Extract every record, exactly as written, and ignore the pictures.
------ Material for the task
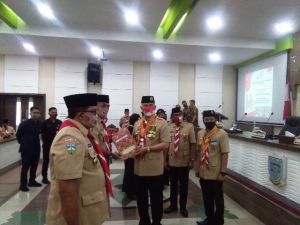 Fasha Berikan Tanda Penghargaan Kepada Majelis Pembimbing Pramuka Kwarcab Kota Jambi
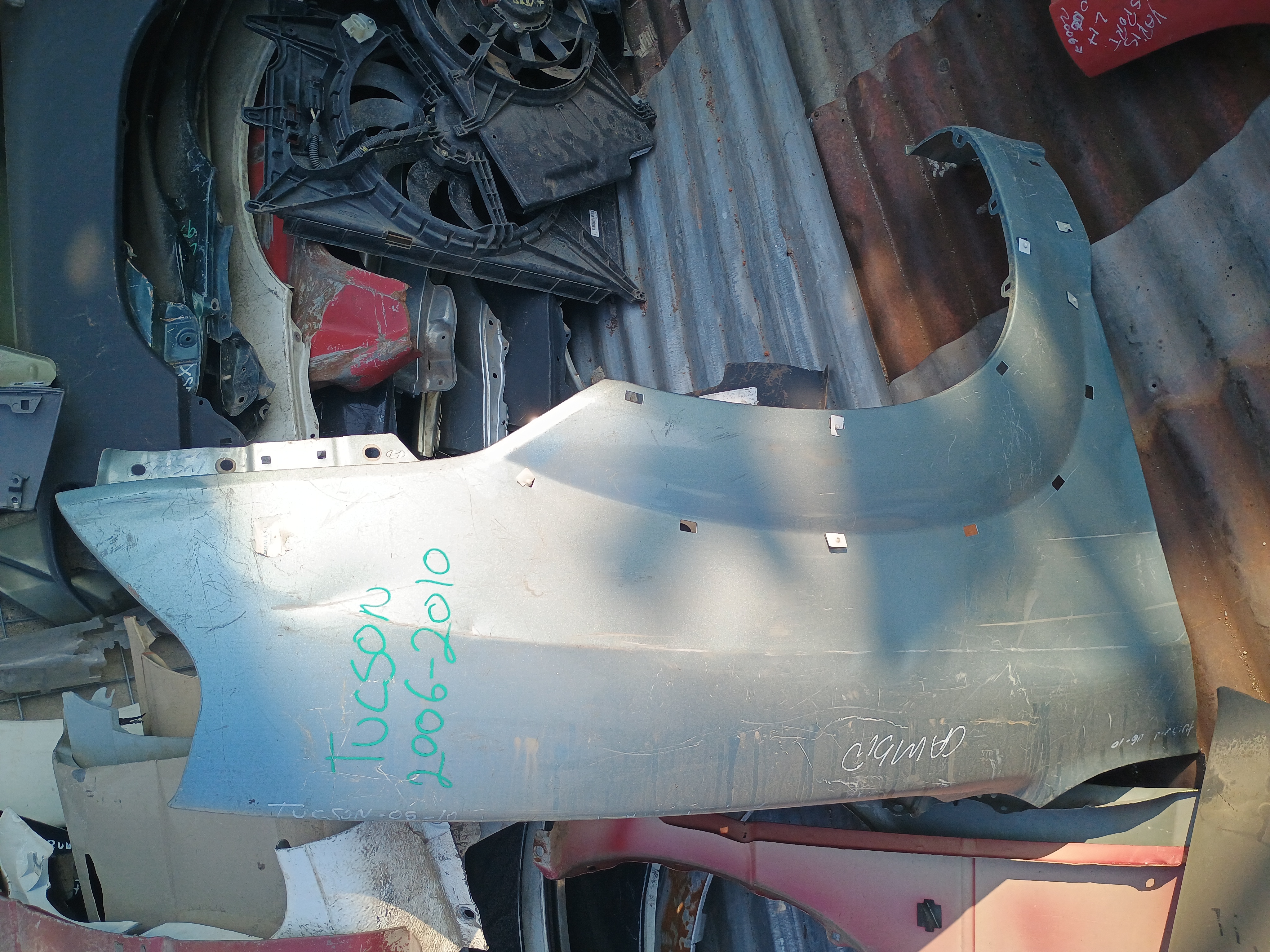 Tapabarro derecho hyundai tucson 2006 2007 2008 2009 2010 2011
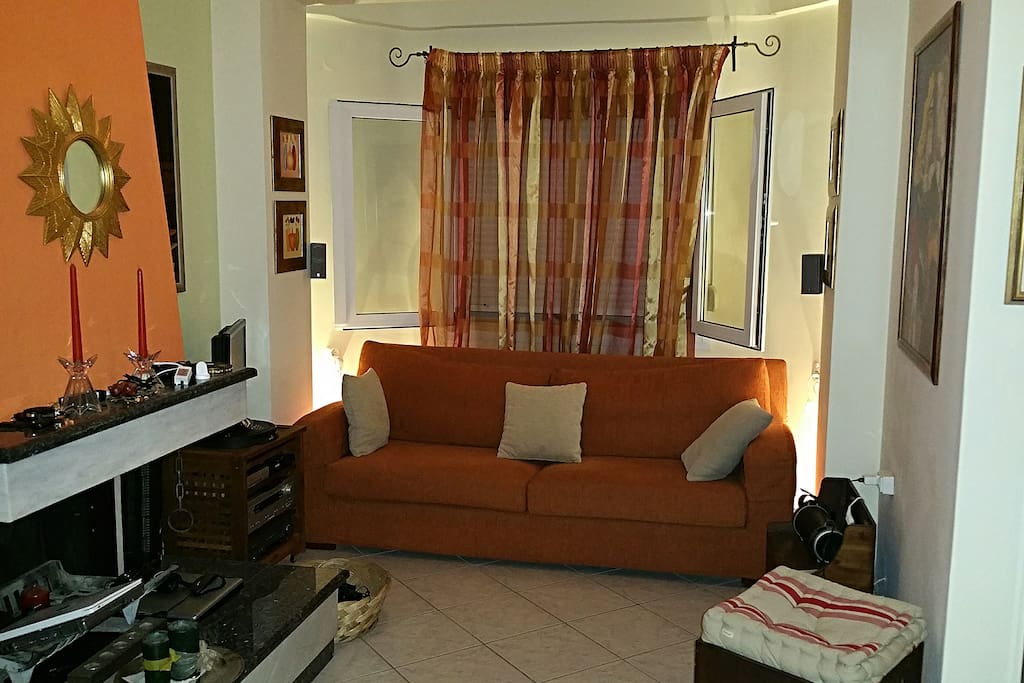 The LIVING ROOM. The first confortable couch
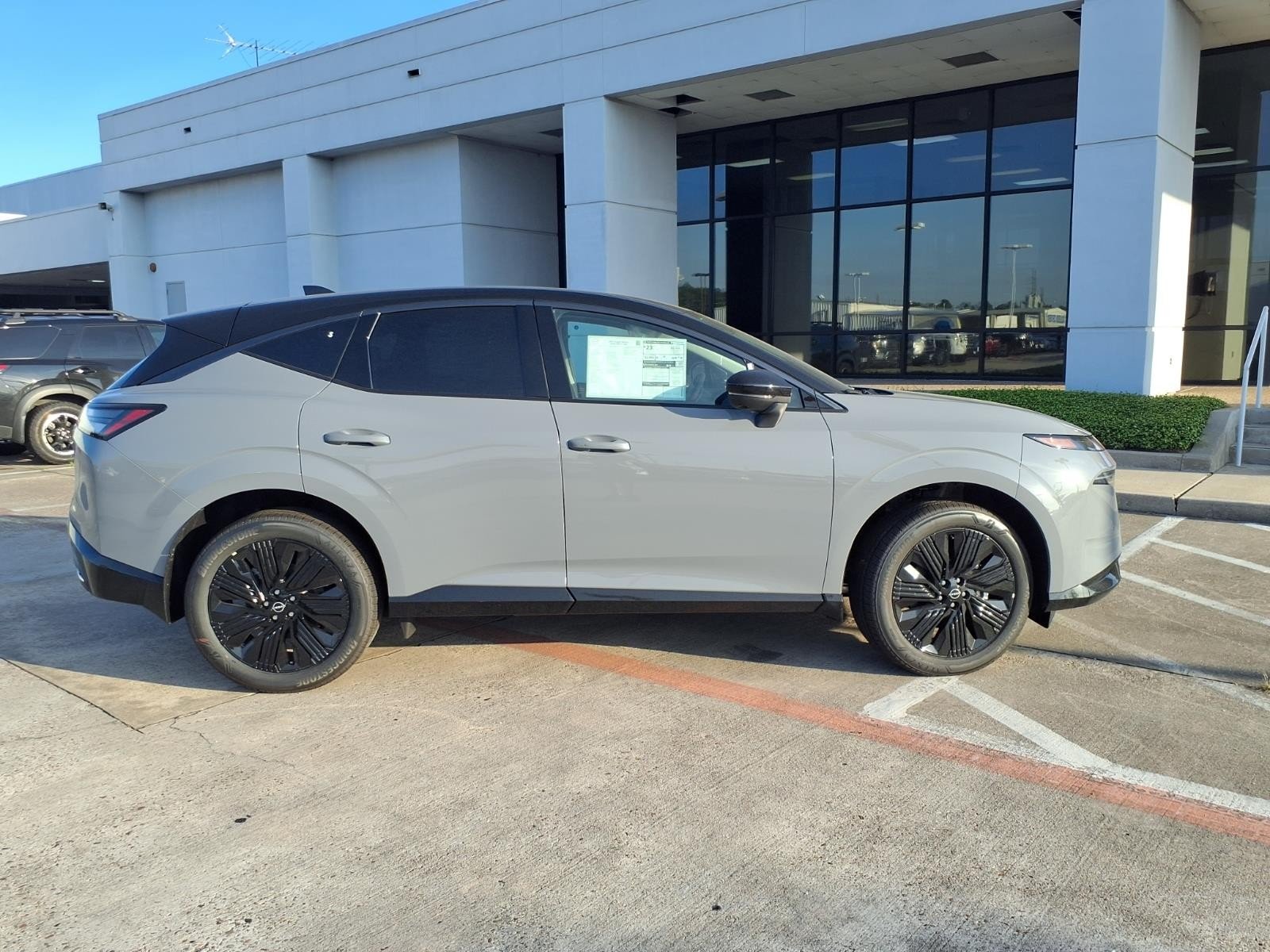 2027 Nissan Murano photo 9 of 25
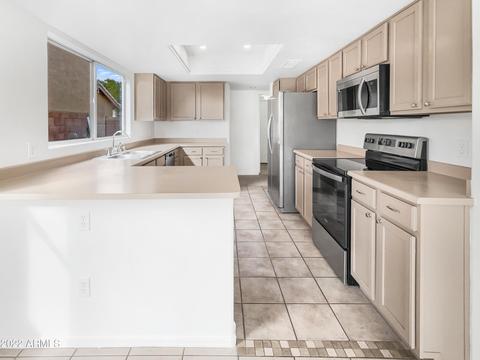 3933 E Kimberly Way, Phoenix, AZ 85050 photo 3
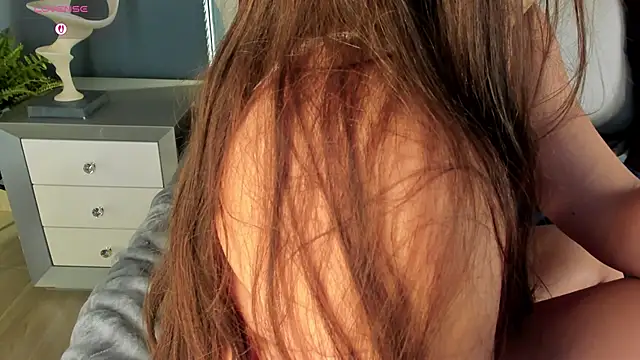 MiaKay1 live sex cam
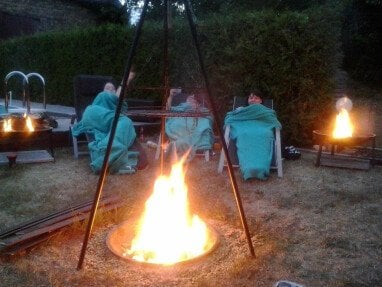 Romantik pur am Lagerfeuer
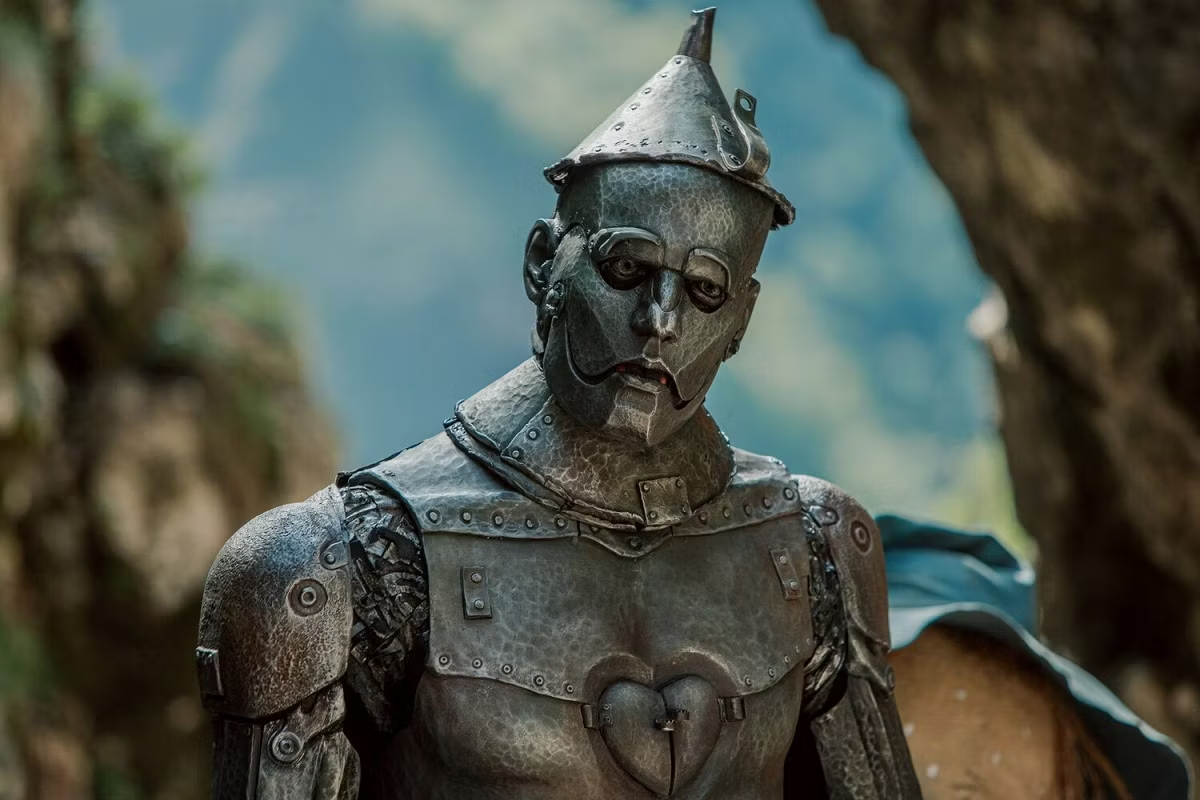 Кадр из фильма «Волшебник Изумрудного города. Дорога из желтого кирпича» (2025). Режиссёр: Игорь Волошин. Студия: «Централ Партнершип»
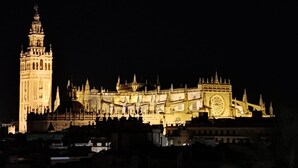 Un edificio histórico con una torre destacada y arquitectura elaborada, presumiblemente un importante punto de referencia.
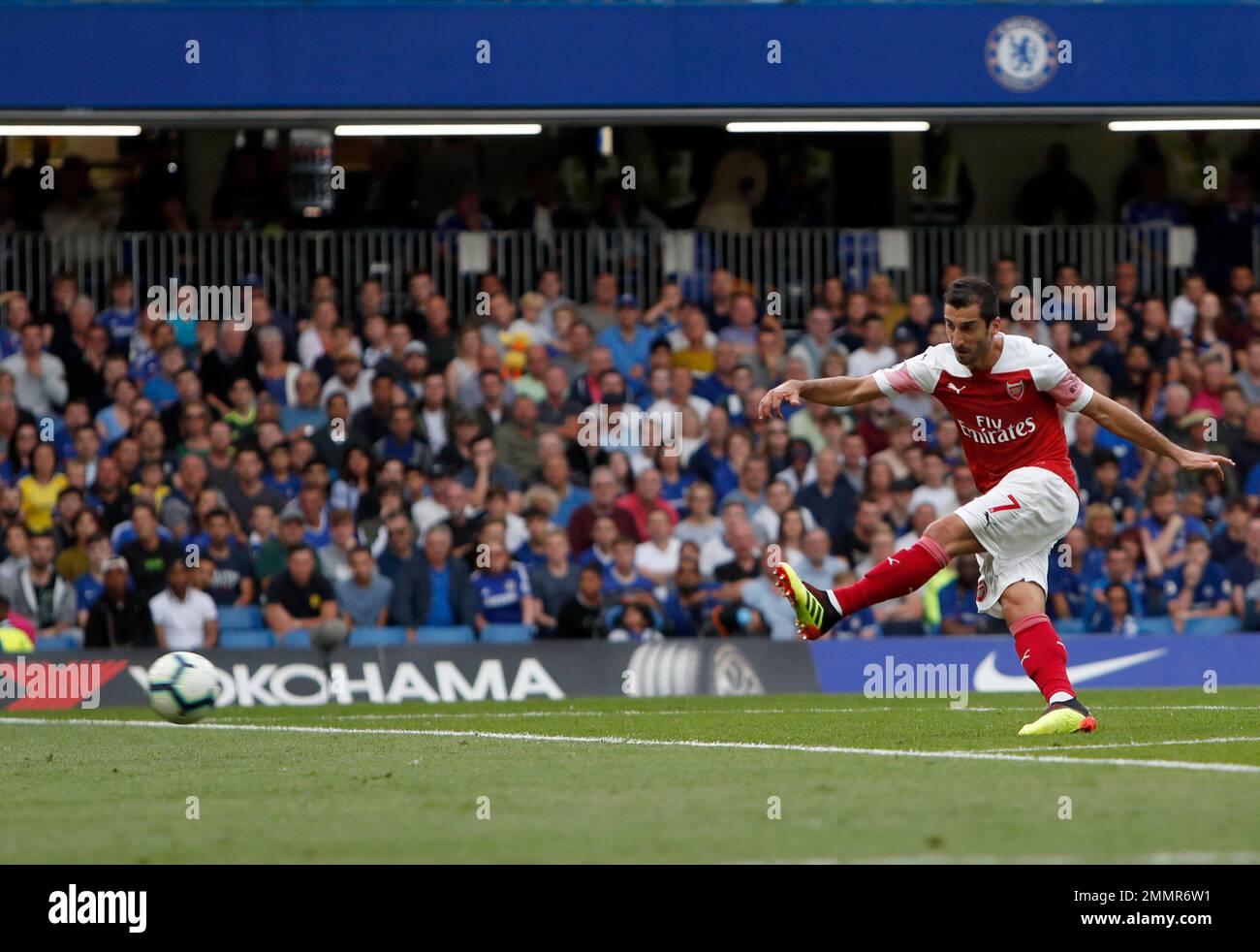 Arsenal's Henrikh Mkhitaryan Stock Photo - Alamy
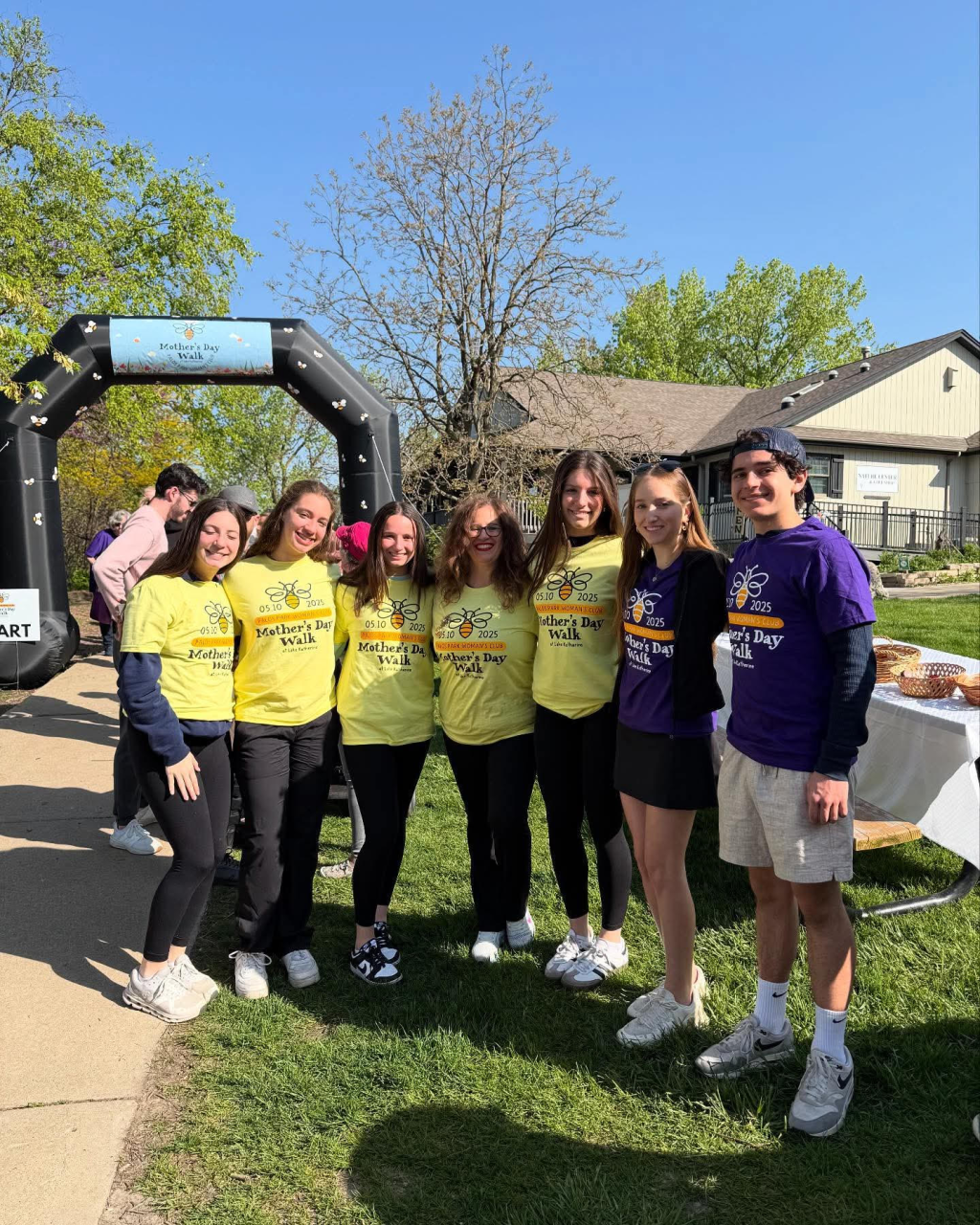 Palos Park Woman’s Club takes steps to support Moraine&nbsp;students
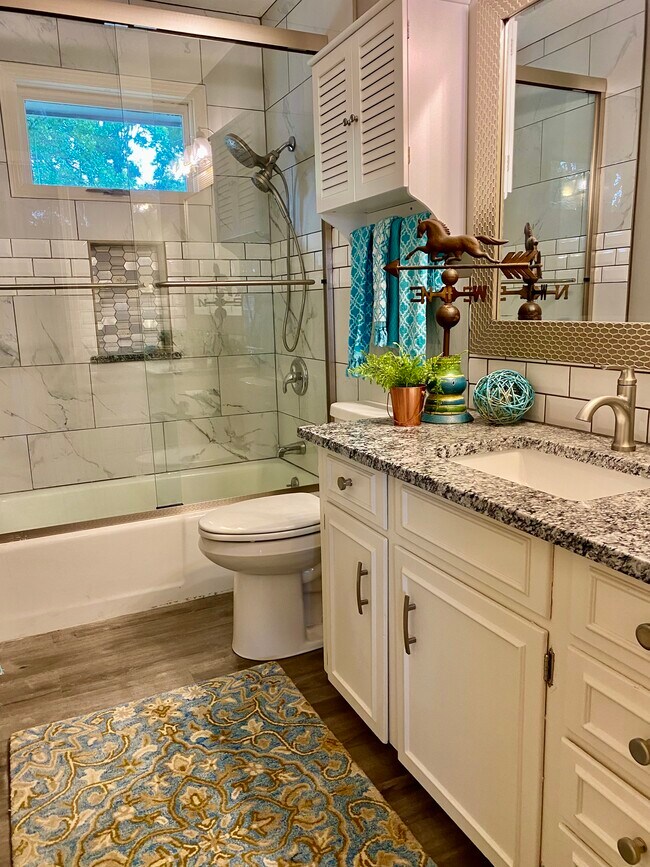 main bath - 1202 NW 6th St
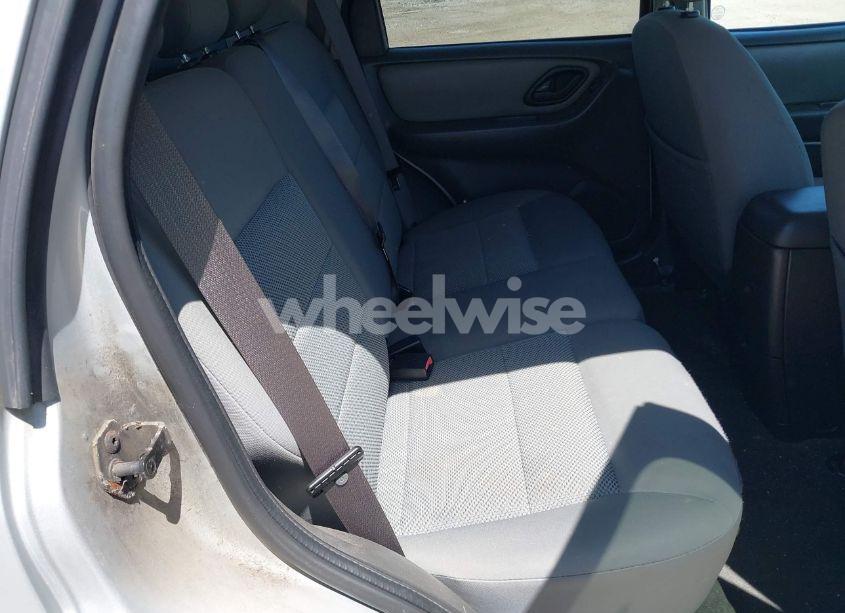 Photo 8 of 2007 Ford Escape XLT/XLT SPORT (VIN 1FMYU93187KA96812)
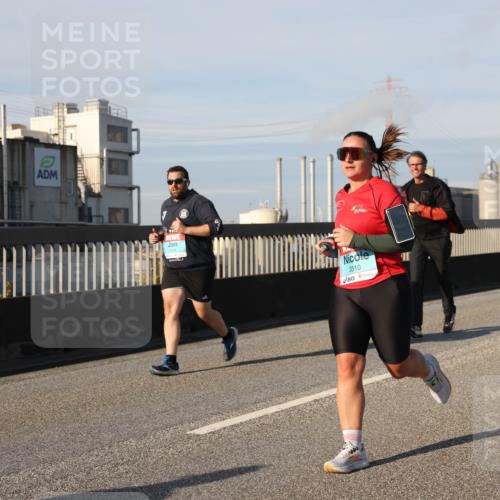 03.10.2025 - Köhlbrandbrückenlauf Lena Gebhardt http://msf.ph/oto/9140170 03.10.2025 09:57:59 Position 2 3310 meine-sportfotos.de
------------
[Exercise answer]
 Fasha Berikan Tanda Penghargaan Kepada Majelis Pembimbing Pramuka Kwarcab Kota Jambi
 Tapabarro derecho hyundai tucson 2006 2007 2008 2009 2010 2011
 The LIVING ROOM. The first confortable couch
 2027 Nissan Murano photo 9 of 25
 3933 E Kimberly Way, Phoenix, AZ 85050 photo 3
 MiaKay1 live sex cam
 Romantik pur am Lagerfeuer
 Кадр из фильма «Волшебник Изумрудного города. Дорога из желтого кирпича» (2025). Режиссёр: Игорь Волошин. Студия: «Централ Партнершип»
 Un edificio histórico con una torre destacada y arquitectura elaborada, presumiblemente un importante punto de referencia.
 Arsenal's Henrikh Mkhitaryan Stock Photo - Alamy
 Palos Park Woman’s Club takes steps to support Moraine&nbsp;students
 main bath - 1202 NW 6th St
 Photo 8 of 2007 Ford Escape XLT/XLT SPORT (VIN 1FMYU93187KA96812)
 03.10.2025 - Köhlbrandbrückenlauf Lena Gebhardt http://msf.ph/oto/9140170 03.10.2025 09:57:59 Position 2 3310 meine-sportfotos.de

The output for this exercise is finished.